▸ **ASSIGNED TASK**:
Write out an exact copy of the line containing "Apartment Gerlitzen Ossiachersee" and all lines that follow it in the data below, leaving out pictures.

▸ **INPUT FOR THIS TASK**:
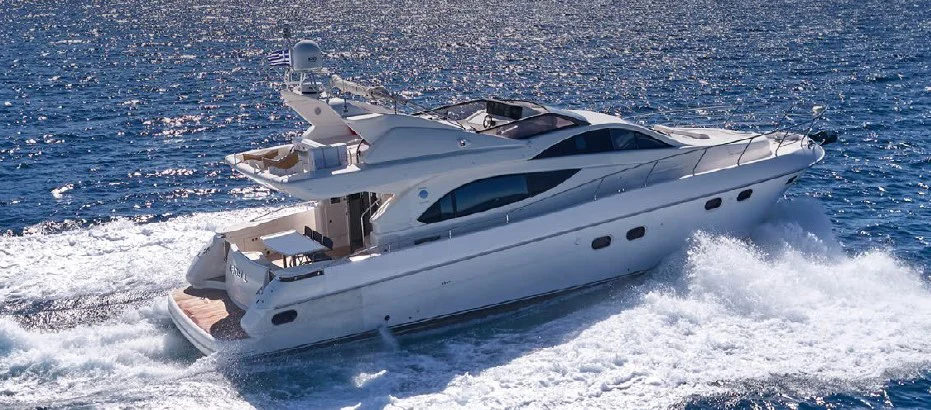 BoatPhoto.coverAlt
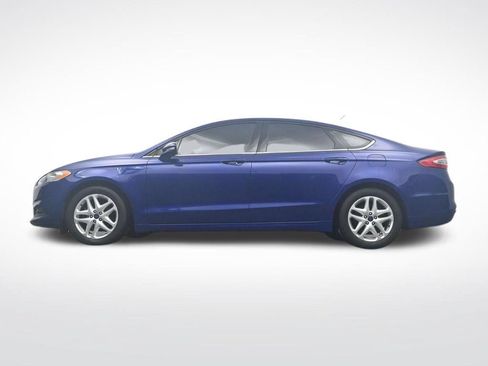 Used 2016 Ford Fusion SE FWD image 36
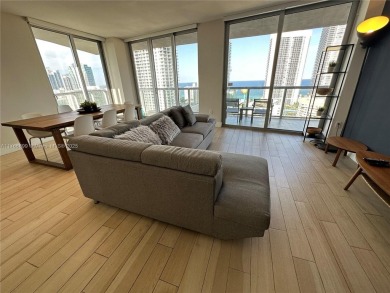 WATERFRONT CONDO -  & SHORT-TERM RENTAL. 3-bedroom, 3-bathroom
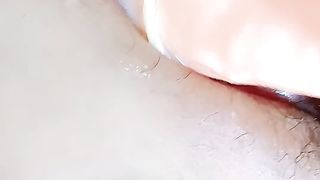 【69堂午夜视频】女神级宝贝露脸带着来大姨妈的姐妹一起大秀直播，真是一腚红，淫声荡语互动撩骚吃奶玩逼道具抽插，呻吟可射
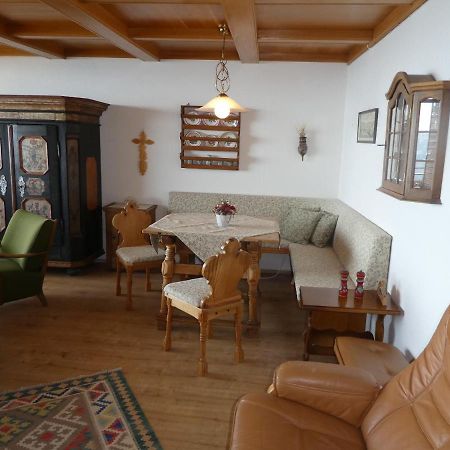 Apartment Gerlitzen Ossiachersee - Haus Enzian Treffen Esterno foto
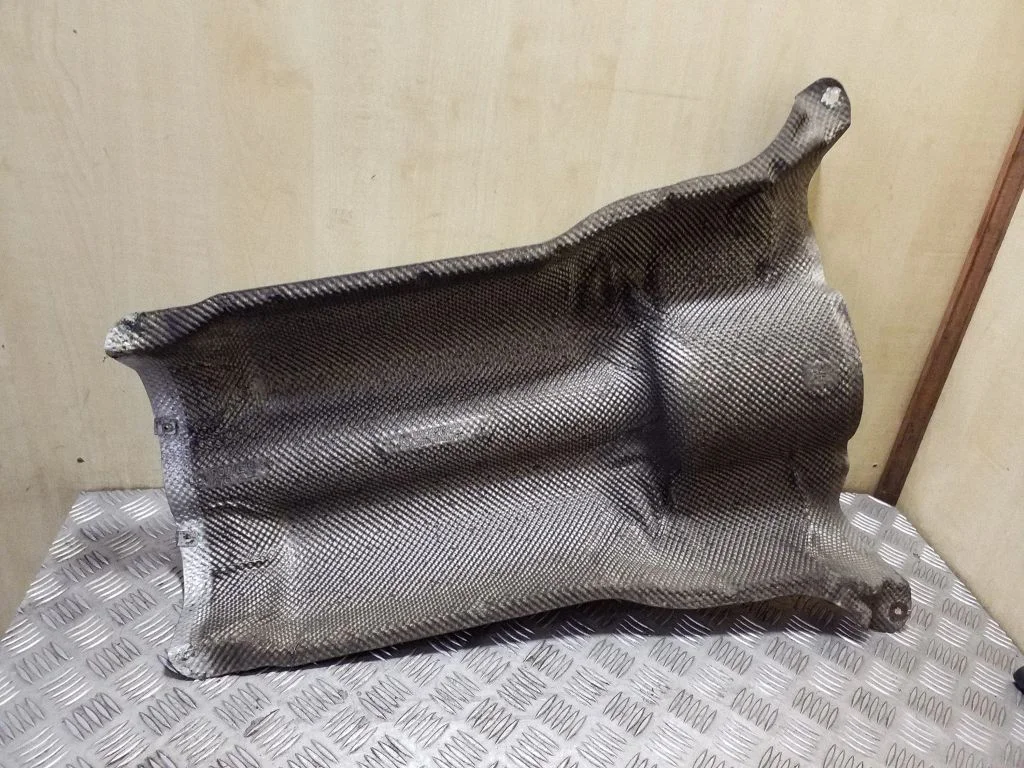 Exhaust heat shield – BMW 5 Series F10 F11 (2009-2016)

▸ **RESULT BELOW**:
 Apartment Gerlitzen Ossiachersee - Haus Enzian Treffen Esterno foto
 Exhaust heat shield – BMW 5 Series F10 F11 (2009-2016)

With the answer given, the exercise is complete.